SaaS, AI

Is Software Dead? What Matters in 2025.

by Alex Moskowitz ( 4 min read )
Mar 24, 2025

What happened to the “software is dead” debate from 2024?

 

Chris Paik @ Pace Capital is largely credited with initiating the conversation in VC circles, Sam Lessin @ Slow notoriously doubled down, and Christoph Janz @ Point Nine gave the best counter position in my opinion. In 2024, lines were drawn and polarities were clear.

In 2025, the world gathered another ~12 months of data points since the debate started, and increasingly, perhaps unsurprisingly, it feels like the answer is somewhere in between the two polarities. 

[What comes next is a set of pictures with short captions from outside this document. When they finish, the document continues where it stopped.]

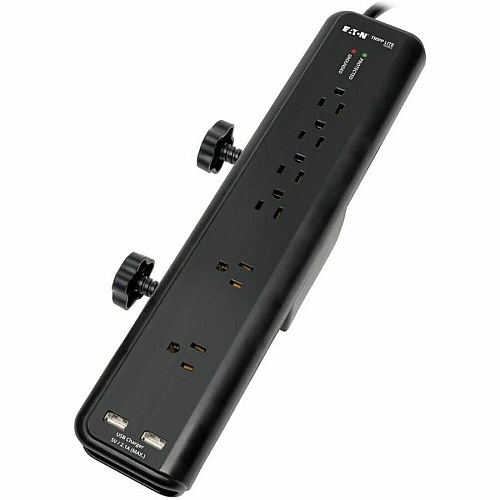 Tripp Lite series 6-outlet 2100J Surge Protector 6 x NEMA 5-15R - 1875 VA - 2100 J - 120 V AC Input - 5 V DC Output - 35.5 kA - 6 ft (TLP606DMUSB)
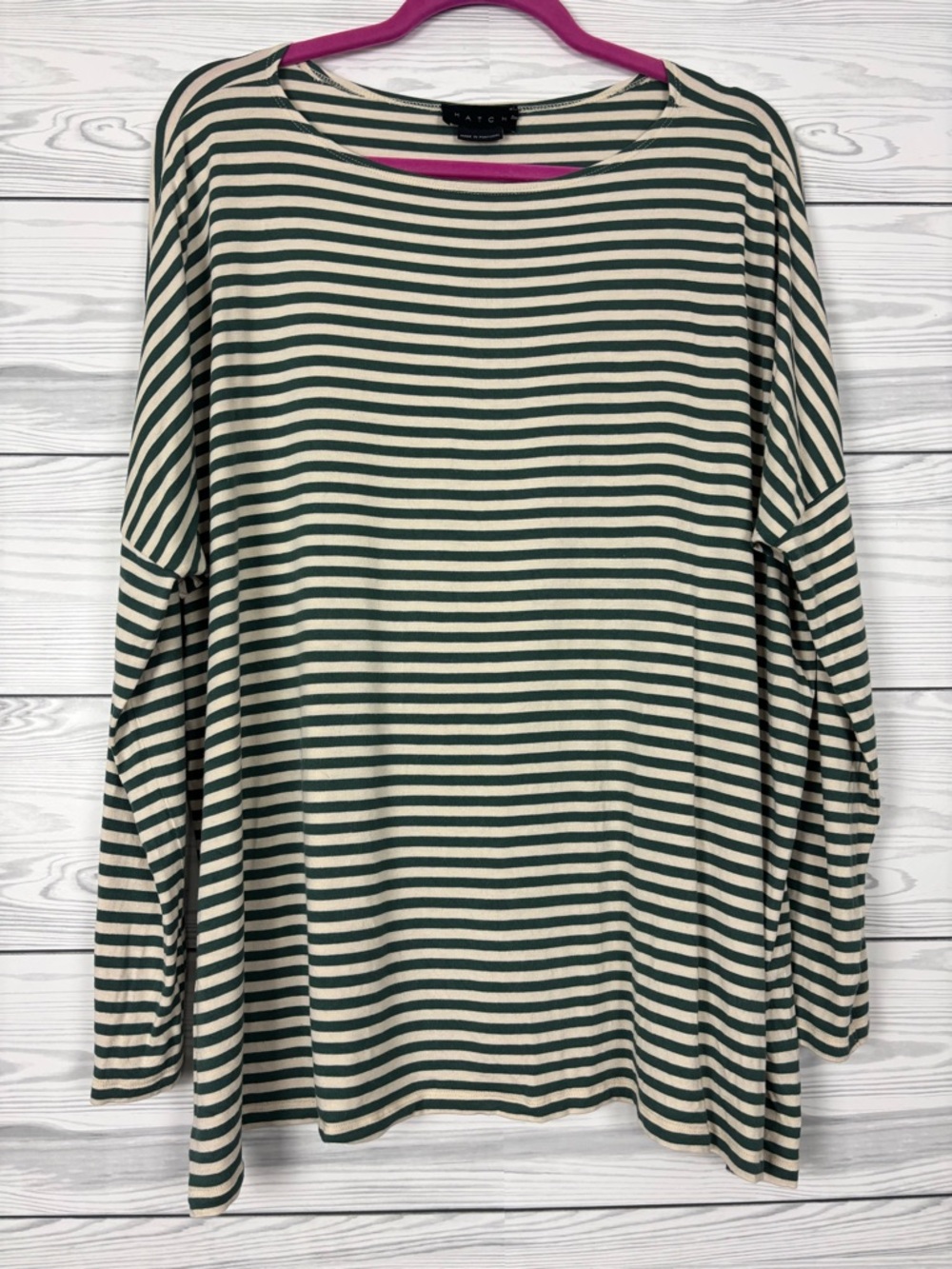 HATCH Maternity Stripe Bateau Long Sleeve Shirt Size 2 (Medium)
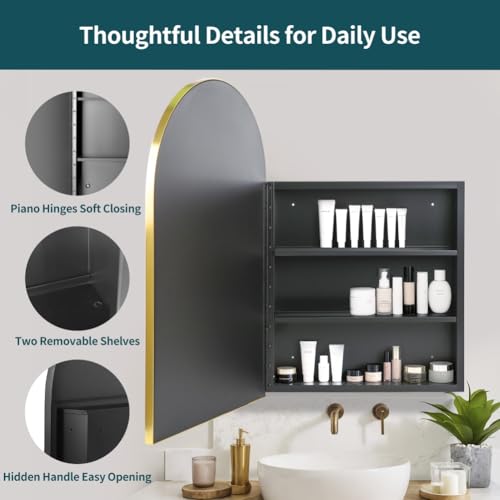 Movo Arched Gold Medicine Cabinet with Mirror 20 x31 Inch | Metal Framed Bathroom Mirror Medicine Cabinet Wall Mounted,Recessed Medicine Cabinets for Bathroom with 2 Removable Shelves - size: 20"W x 31"H x 5"D-Gold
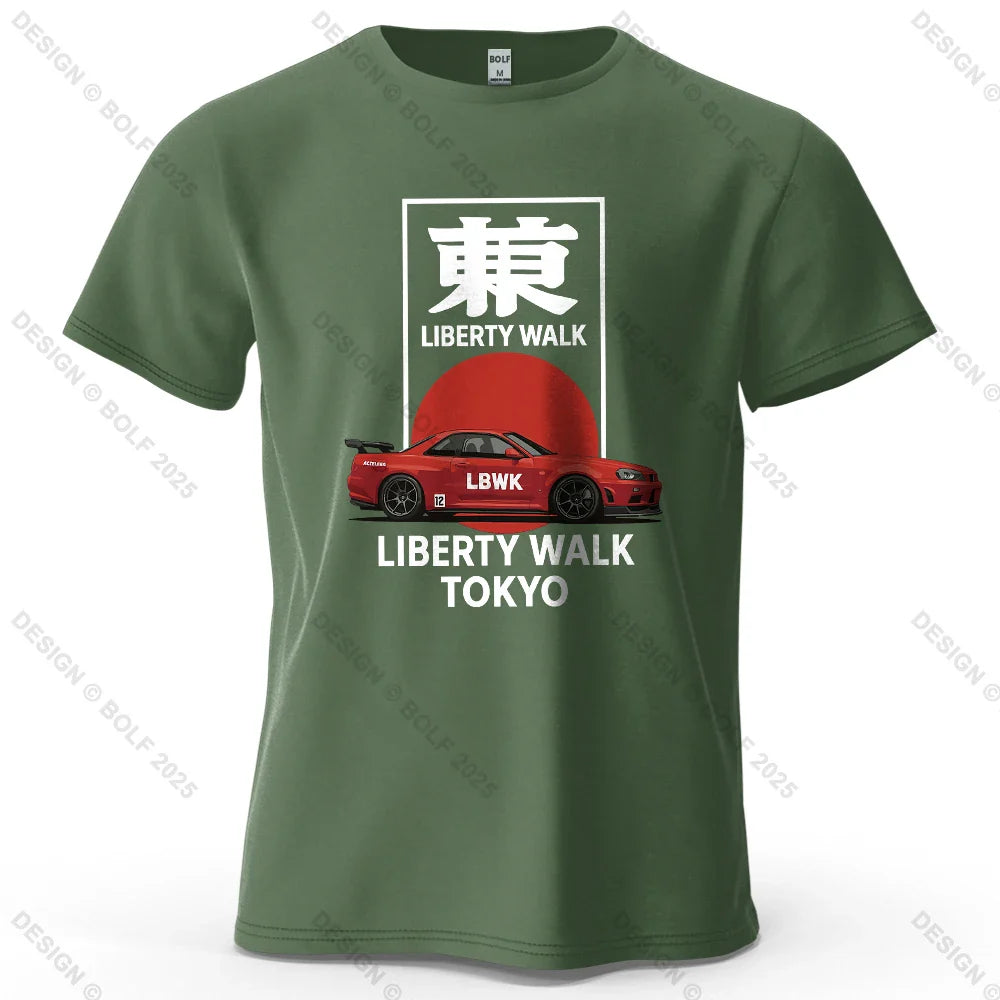 Liberty Walk Tokyo Printed Men's T-Shirt 100% Cotton Oversized Stylish Graphic Tees for Women Tops Tees Casual Streetwear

I hosted a panel for our LPs at the end of 2024 to reflect on this question with Mark Ghermezian (CEO/Founder – Gynger, Tildei, Braze), George Sivulka (CEO/Founder – Hebbia), and Joe Teplow (Chief Strategy Officer – Slack). In 2025, this advice feels more relevant with each day that passes. Here’s five reflections from three founders with unique vantage points that stuck with me. (video clip included).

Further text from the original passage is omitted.